More specifically, if a position is $L$ (i.e. loses for the current player) in standard 3-pile, then it is also $L$ in Same-Nim, so long as the first two piles maintain equal sizes; and similarly for $W$ positions.

This is because if the first two piles have equal sizes then there are no restrictions on moves in the other 3 piles, so the player who would win the standard 3-pile Nim can execute his strategy without restriction; and if the losing player takes stones from one of the first two piles, the winning player takes the same number of stones from the other one of the first two piles, restoring his ability to continue his winning strategy on the last 3 piles.

We have looked at standard Nim in a Calvin vs Lino problem several weeks ago, and it turned out that a position is $L$ if and only if it has a "Nim-sum" of $0$ , where the Nim-sum is the binary XOR of the sizes of the piles.

Actually this is easy to prove: If the Nim-sum is $0$ then any move must toggle at least one bit leaving a non-zero Nim-sum.

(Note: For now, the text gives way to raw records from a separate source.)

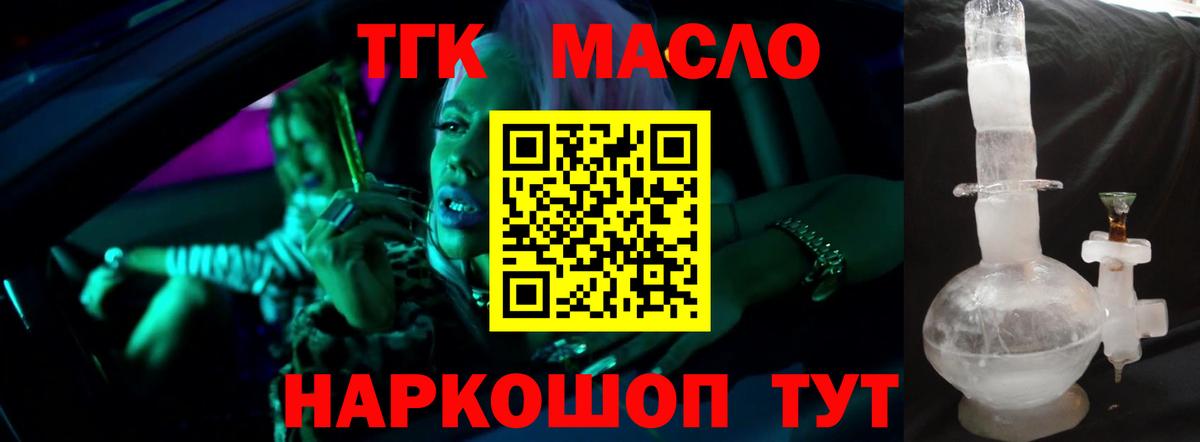 ТГК гашишное масло Приморско-Ахтарск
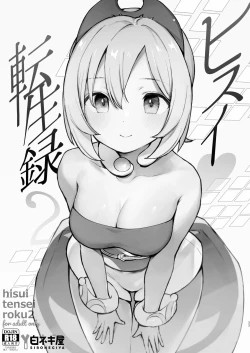 Page 33 of Hisui Tensei-roku Soushuuhen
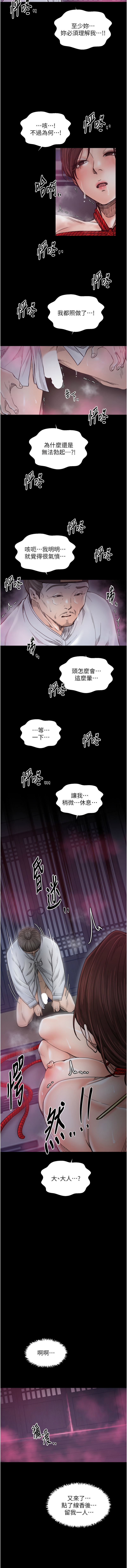 [韩国漫画] 最强家丁 剧情,熟女人妻#[16P]-7
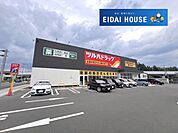 ツルハドラッグ多賀城中央店 徒歩19分。 1520m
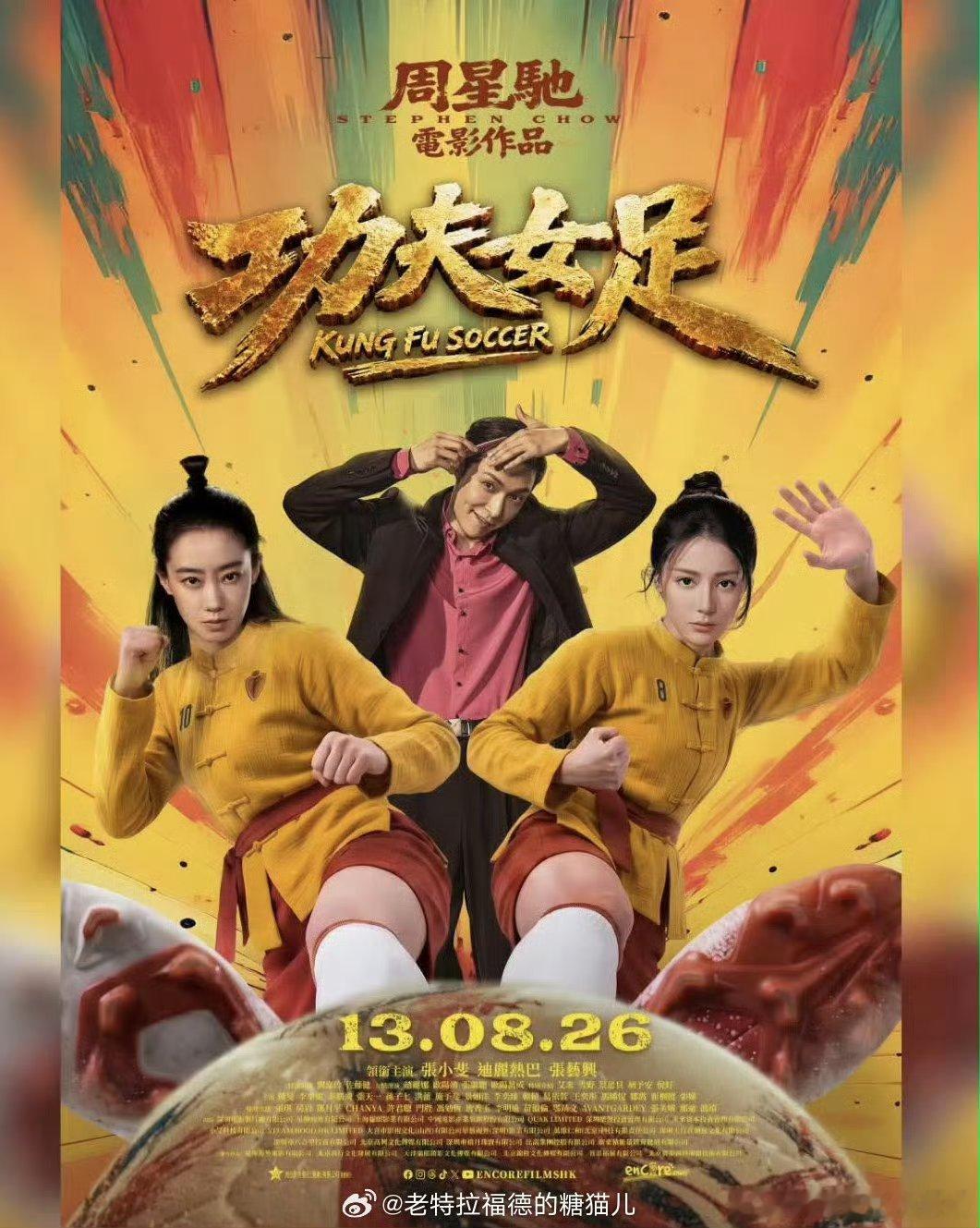 标准双女主海报迪丽热巴
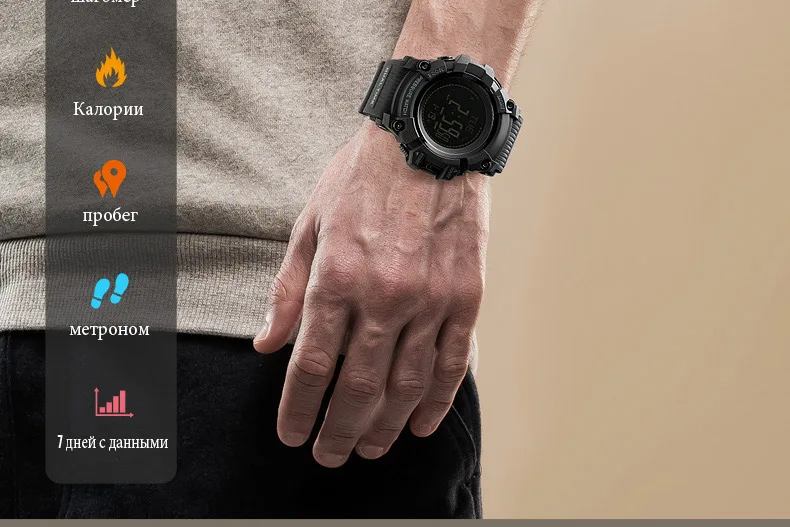 Новый Для мужчин уличные спортивные часы Шагомер высотомер барометр компас Водонепроницаемый светодиодный цифровые наручные часы Relogio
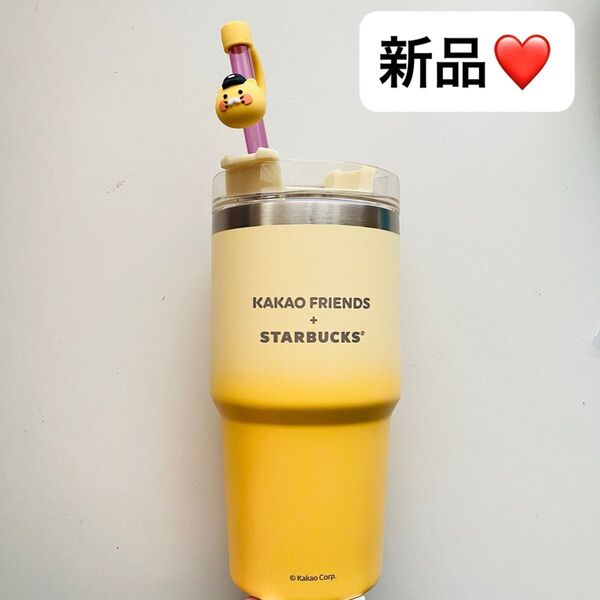 【新品】 韓国スタバ 限定 スタンレー チュンシク カカオフレンズ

And if the Nim-sum is nonzero then the following move will make it $0$ : select a pile that has a $1$ -bit in the same position as the most significant bit of the Nim-sum, and remove the number of stones that is the XOR of that pile's size, and the Nim-sum.

Finally we just have to count how many positions have a Nim-sum of $0$ and subtract that from $1000$ .

I actually did this by counting positions with $a \le b \le c$ by inspection and then considering the number of combinations of each. The losing positions are:

(1,2,3) (1,4,5) (1,6,7) (1,8,9) (2,4,6) (2,5,7) (2,8,10) (3,4,7) (3,5,6) (3,9,10)

and each one has six possible orderings for a total of $60$ losing positions. So there are $\boxed{940}$ winning positions.